→ Source data
....
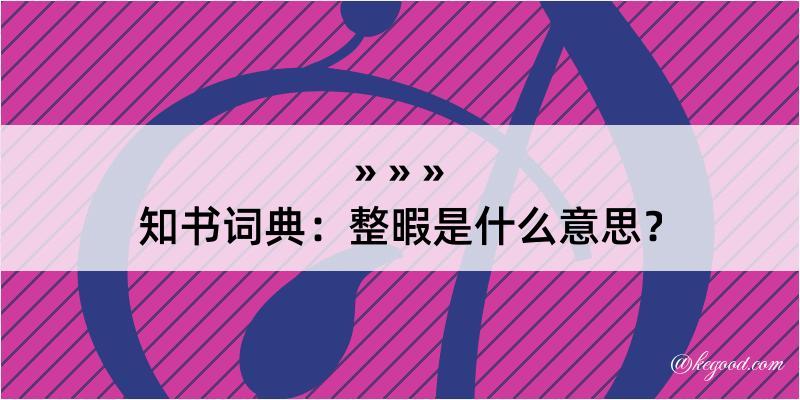 知书词典：整暇是什么意思？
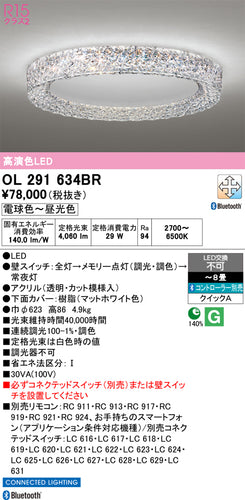 オーデリック（ODELIC）シーリングライト OL291634BR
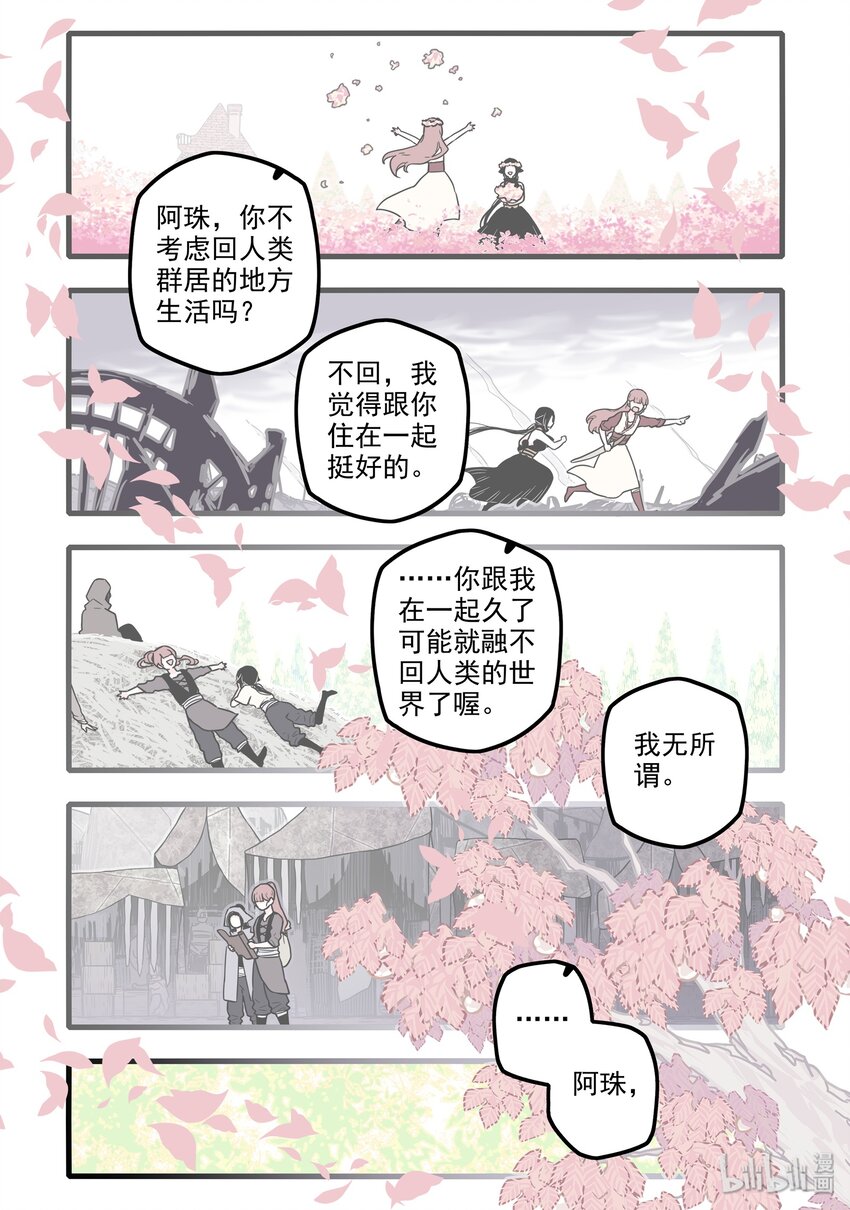 18 第十八话15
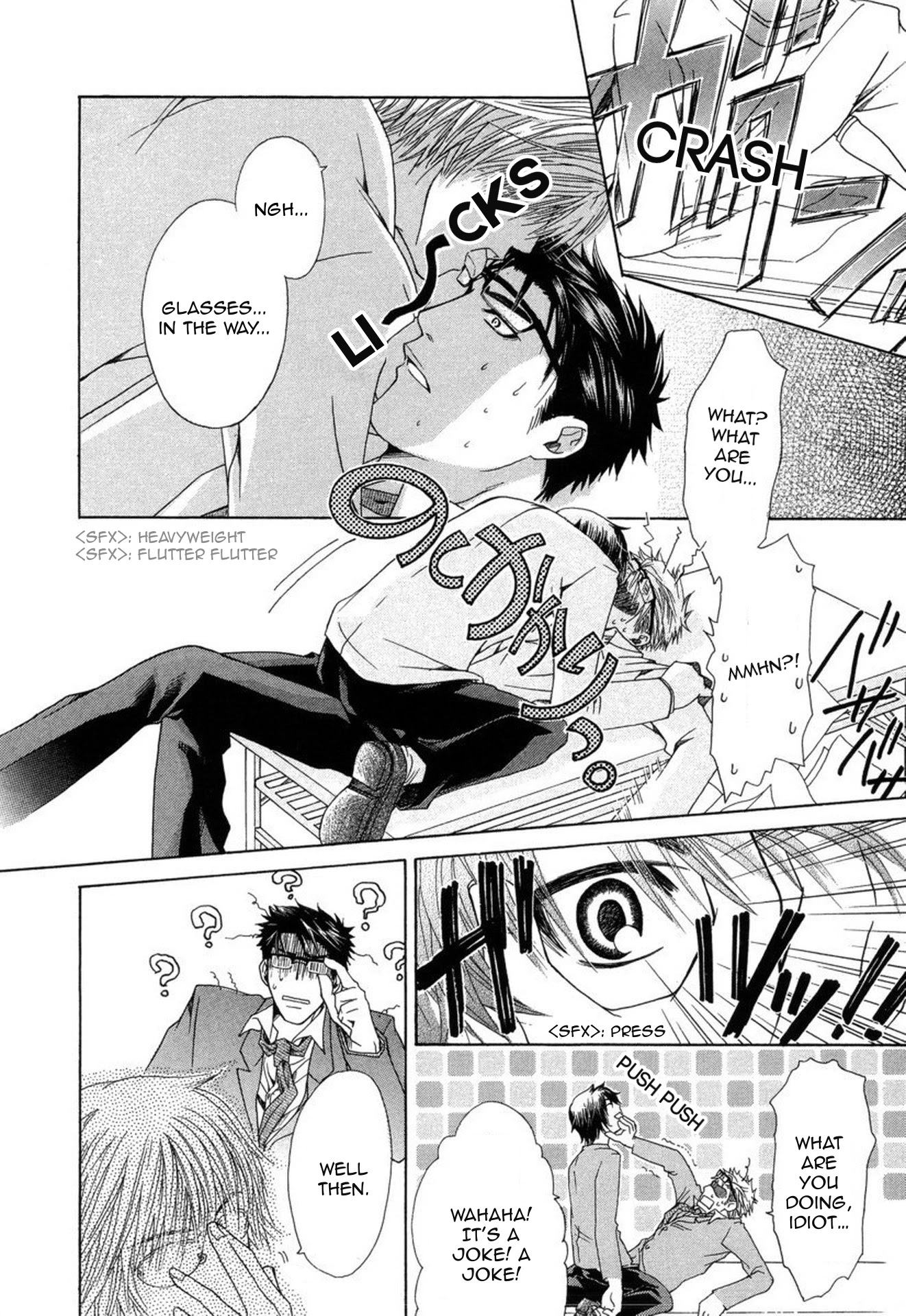 Mega Giga Panic Shiritsu Renshuu Gakuen Chapter 2 page 13 - Chapter 2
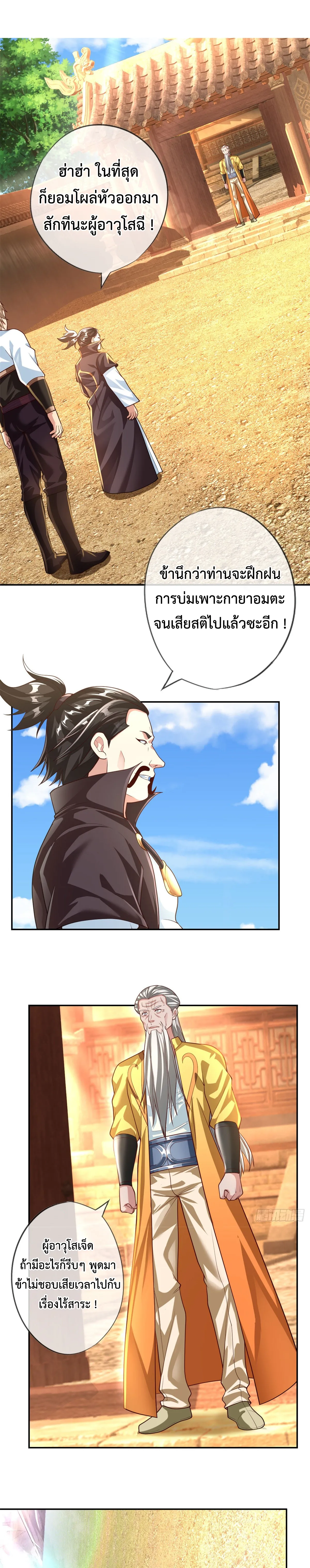 (ทันจีน) Unlimited God System (ระบบศักดิ์สิทธิ์ไร้ขีดจำกัด) ตอนที่ 25 หน้า 9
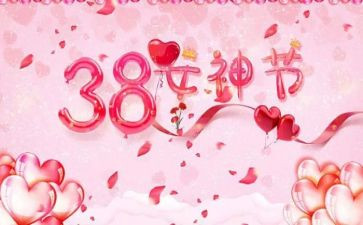 庆三八活动策划通用8篇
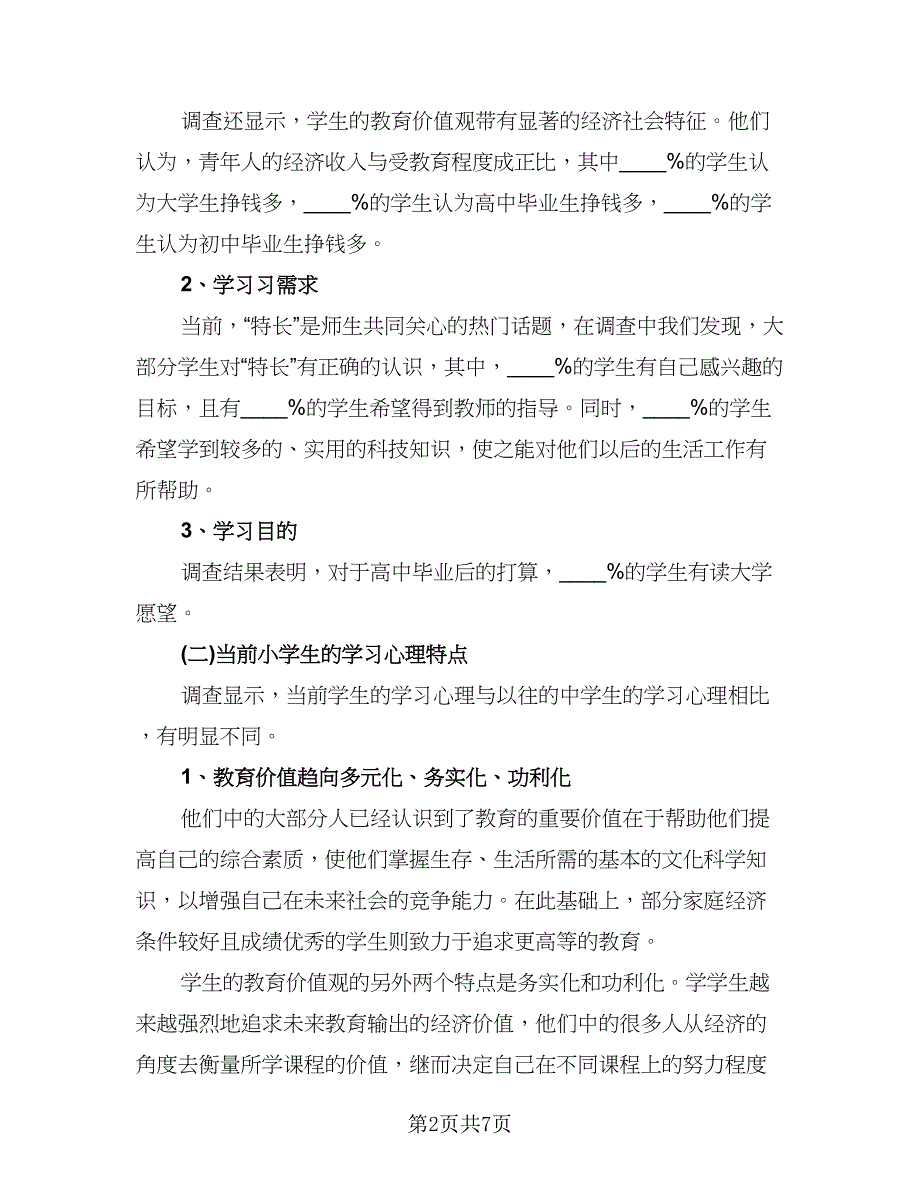 2023教育实习的自我总结样本（2篇）.doc_第2页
....
→ Problem to work on
Reproduce the listing exactly, minus its pictures.

→ The completed task
 知书词典：整暇是什么意思？
 オーデリック（ODELIC）シーリングライト OL291634BR
 18 第十八话15
 Mega Giga Panic Shiritsu Renshuu Gakuen Chapter 2 page 13 - Chapter 2
 (ทันจีน) Unlimited God System (ระบบศักดิ์สิทธิ์ไร้ขีดจำกัด) ตอนที่ 25 หน้า 9
 庆三八活动策划通用8篇
 2023教育实习的自我总结样本（2篇）.doc_第2页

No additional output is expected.